Code Sec 408(p) describes SIMPLE IRAs. Code Sec 402(g) defines the annual contribution limit; specifically, 402(g)(3)(D) includes elective contributions under 408(p)(2)(A)(i). 402(g)(1)(c) says the amount excluded from an individual's gross income also includes the "applicable dollar amount" under 414(v)(2)(B)(i). It further says that amount is "without regard to the treatment of the elective deferrals by an applicable employer plan under section 414 (v)" (which, among other impacts, means you ignore the qualifier in 414(v)(2)(B)(i) which applies at the plan level and just take the specific dollar amount from the paragraph).
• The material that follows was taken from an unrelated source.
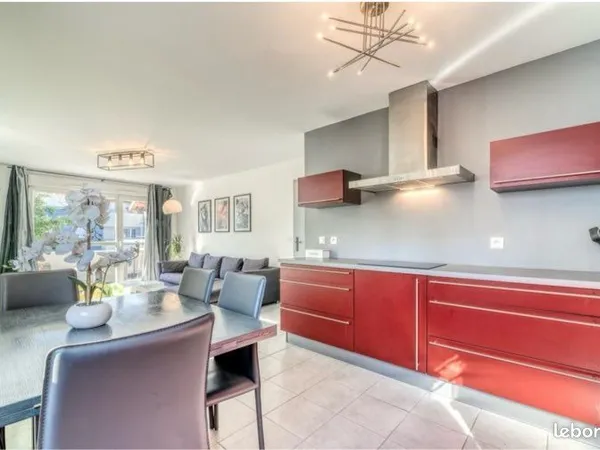 Appartement 3 pièces 69 m²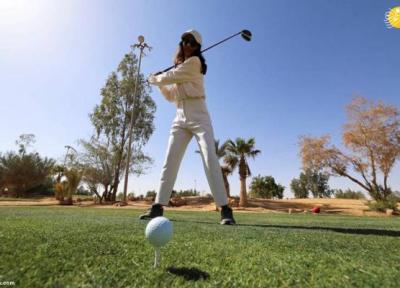 محبوبیت گلف بین زنان عربستانی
The consequence is a weird disparity between the plans' limits and the individual's limits. An individual SIMPLE IRA can't let you make catch-up of more than $2,500. But you as an individual, using two separate SIMPLE IRA plans (of unrelated employers), can make $2,500 + $2,500 for a total of $5,000.
This fits w/ Denise Appleby's answer to the same question here:
http://www.investopedia.com/ask/answers/07/SIMPLE_IRA.aspAs several posters agreed above, it's extremely important that the companies not be related or else they likely count as one single employer and the limits then apply in aggregate.
EDIT: just caught this piece...
QUOTE (SeanF @ Apr 10 2009, 07:26 AM)

Thank you for your thoughts. He is part owner of each employer.
This gives you a major problem. See my last sentence above.